++++ DATA BELOW
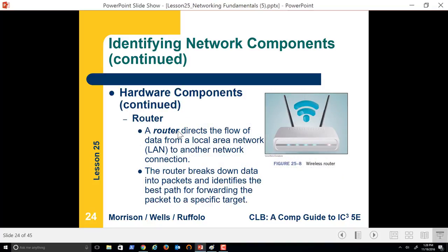A router, on the other hand, should not be confused with a switch. A router directs the flow of data from the local area network to another network. We saw that previous picture where we had in the center a bunch of routers — this is what makes the internet work. I may have a router at home that will route data to other networks. I have a network with a gateway, and that gateway forwards information onto the internet.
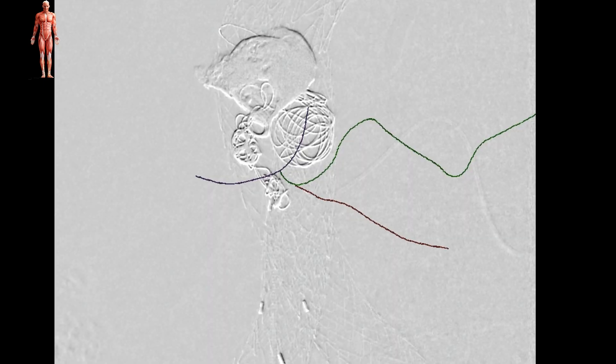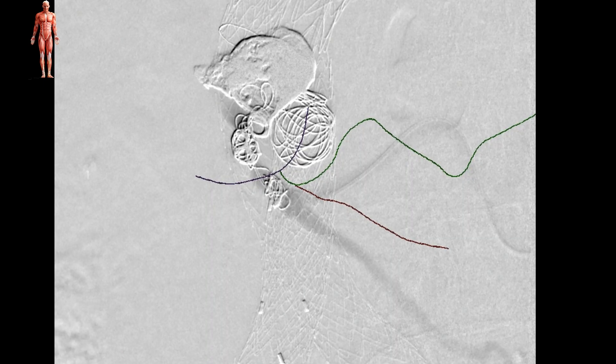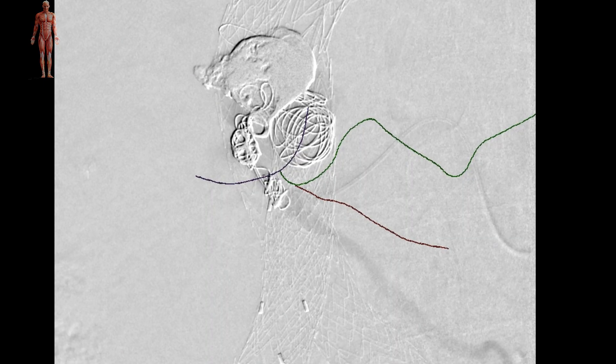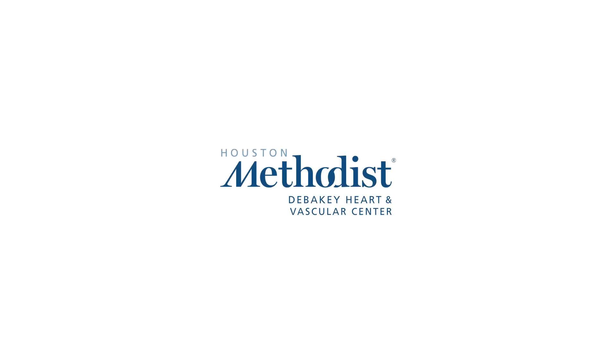At this point, we completed our procedure and removed all endovascular devices.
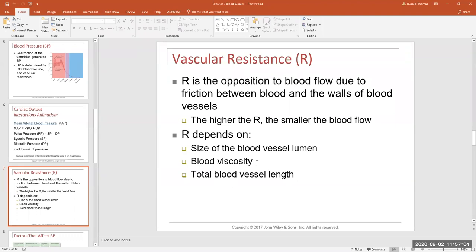The other factor is blood vessel length, which we don't normally change — it's just your body plan. However, this comes into play when people become overweight or reach morbid obesity. By adding extra adipose tissue they gain more blood vessels running through that tissue, so their heart has to generate a lot more pressure to send blood through those extra miles of vessels because there's more resistance to overcome.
++++++++
▶ [PROBLEM REQUIREMENTS] Repeat all the material above exactly, apart from the pictures.

▶ [ANSWER BOX]
A router, on the other hand, should not be confused with a switch. A router directs the flow of data from the local area network to another network. We saw that previous picture where we had in the center a bunch of routers — this is what makes the internet work. I may have a router at home that will route data to other networks. I have a network with a gateway, and that gateway forwards information onto the internet.
At this point, we completed our procedure and removed all endovascular devices.
The other factor is blood vessel length, which we don't normally change — it's just your body plan. However, this comes into play when people become overweight or reach morbid obesity. By adding extra adipose tissue they gain more blood vessels running through that tissue, so their heart has to generate a lot more pressure to send blood through those extra miles of vessels because there's more resistance to overcome.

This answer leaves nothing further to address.